The Eiffel Tower, which Robert’s room was situated to face, was not yet lit. For a little while he considered waiting for it, but not for long. He had seen the Tower by night a few times now.

Glancing back to the room, looking for some comfort or distraction, he caught sight of his reflection in the glass panel wall separating the balcony.

He looked so good.

How many people could say they looked this good, he wondered? Even for a week? Most celebrities, most vid-actors, would stare with envy at this sight. He looked like a secret agent or something with this gun in his hand, on his way to save the world or whatever.

How many people could just turn around and casually remember that they looked like this?

Robert could, right then.

That new watch of his would never be as new again, and it would never look quite as good as it did on him. It would never match anybody’s hair and skin tones as wonderfully as it did his.

He’d had that.

The corpse he would leave tonight, the one that would bare his name at the hospital and then the police station, that would smile reassuringly next to his face in the newsfeeds tonight, that would always, in some way, be his –

The corpse would be beautiful.

He had thought about jumping, several times, but he always changed his mind. As grand and attention-grabbing as such a thing would surely be, it would have been far too risky. Bodies were tough and easily repairable. He needed to damage the only part of himself that he had been born with. And, God, he was scared.

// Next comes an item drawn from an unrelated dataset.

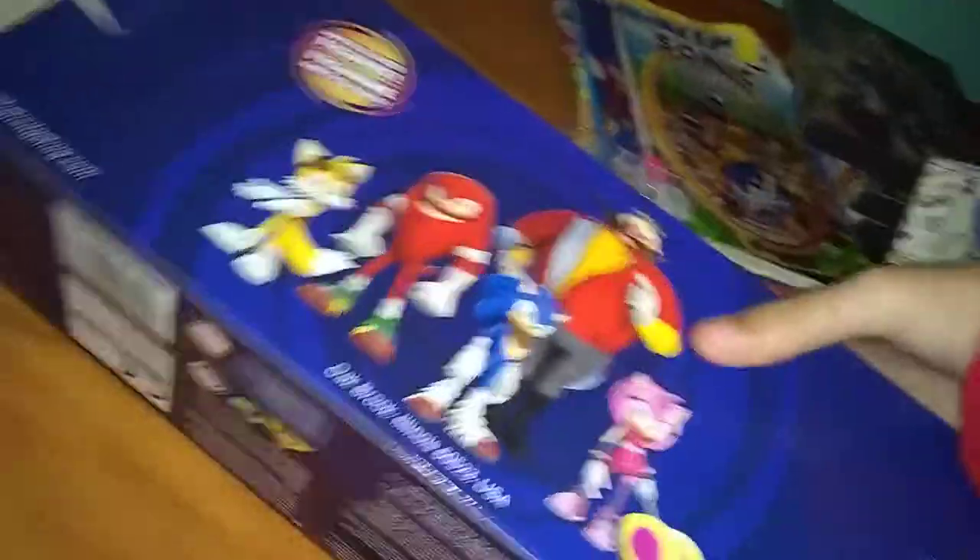We have Tails — I mean, Amy from Sonic Boom. And this was the 5-pack that came with Sonic, Tails, Knuckles, Amy, and Eggman. He has actually good sculpt. I don't know why people hate these figures, but I do like them. And I even still have the package from the unboxing video.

Robert turned back to his city rooftop view and opened his mouth, shoving the gun’s barrel up against his skull and frowning awkwardly.

Before he was ready, he fired. The body dropped to the floor.

And Robert couldn’t concentrate but he thought he saw a blue box flash in front of his eyes, obscuring everything, panicking him. Something about a report and some numbers. Something about damaged nervous processors and a temporary shut down and emergency call-out. It was gone a moment later.

The next thing he saw was a cheap, white-painted ceiling. There were faded and peeled spots all along and replacement wood panels to cover damage and stains. He could move but his back hurt like hell and all he could see were the tops of Formica tables and a few clunky old screens and sensors, mostly with mains-connection wires and flat displays. A hospital ward or a workshop floor, he couldn’t tell, but it wasn’t built for luxury.

He tried as hard as he could to relax and pretend it wasn’t happening, but he knew it was a waste of time. The steady, rhythmic beeping of a stem monitor was driving him crazy.